It seems that a lot of folk are in a hurry to buy something they can’t buy yet. Or perhaps they were about to buy something and the new product now has them in FUD mode. (Fear, Uncertainty, Doubt) 

Meanwhile, Nikon has been pouring on the marketing for a product they can’t deliver (at least not to anyone that hasn’t already ordered a Z9).  

Buying in the photography market has turned irrational, in my judgment. There’s one group that wants The Next Best Thing, another group that buys Better Than They Need, and yet more folk that get flamed into purchase by Influencers. That’s just the start of the list. 

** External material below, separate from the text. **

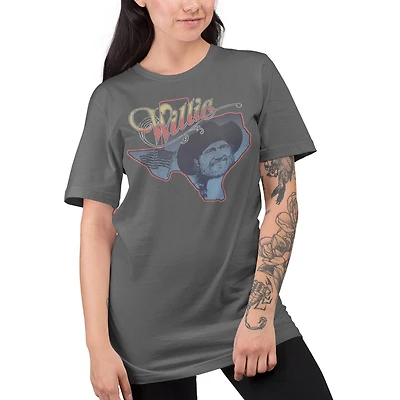 Willie Nelson Tee shirt femme. Ce t-shirt à manches courtes et col rond pour femme peut facilement être porté avec votre jean ou votre bas préféré et Tailles TP à TG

People still haven’t caught on that I have two sets of gear: gear that I use for professional work (sports, wildlife, some nature/wildlife, events), and gear that I use for enjoyment and casual use. In that latter category I need more than my iPhone, since sometimes carrying a camera around all the time results in photos I show others at full size, but I don’t need a D6 or Z9 or A1 or R3 or whatever the latest and greatest is. 

Practically speaking, virtually every interchangeable lens camera on the market has enough dynamic range for the vast majority of situations you’ll encounter, has enough pixels for output to a maximum desktop inkjet printer size (e.g. ~13x19”), and enough performance to capture just about any situation, whether static or moving. As much as I deplore “automatic” settings, left on all-automatic defaults, virtually all of those cameras also produce reasonable results these days. 

I’ve written it before, but it bears occasional repeating: your use and control of your camera is probably more important to the results than the camera and lens itself. I recently was showing someone an image at full size and they oohed over it and immediately asked “what new camera was that taken with?” Uh, Nikon D100, 17 years ago. 

Image impact starts with (1) where you’re at and what you’re pointed at, and then is further enhanced by (2) how you reacted and controlled the camera. Would I be using a Z7 II at that same spot if I had it 17 years ago? No doubt. A better tool helps me with #2, while more sampling is always better, and a Z7 II samples better in several ways than the D100 did. 

But here’s the kicker: I’ve been to that same spot where I took that image 17 years ago many times, but with better equipment. I haven’t gotten a better photo (yet). That’s because photographic opportunities don’t exactly repeat themselves. Subjects change, light changes, virtually everything in the scene changes in some way. Even my response to the scene might change if I’ve been there too often (one reason why I love walking through cities I haven’t been to before when traveling). If you’re trying to figure out your new-fangled, fancy-pants camera, you might miss the actual image you should have taken. Familiarity with your existing equipment is more important at capturing a moment in time.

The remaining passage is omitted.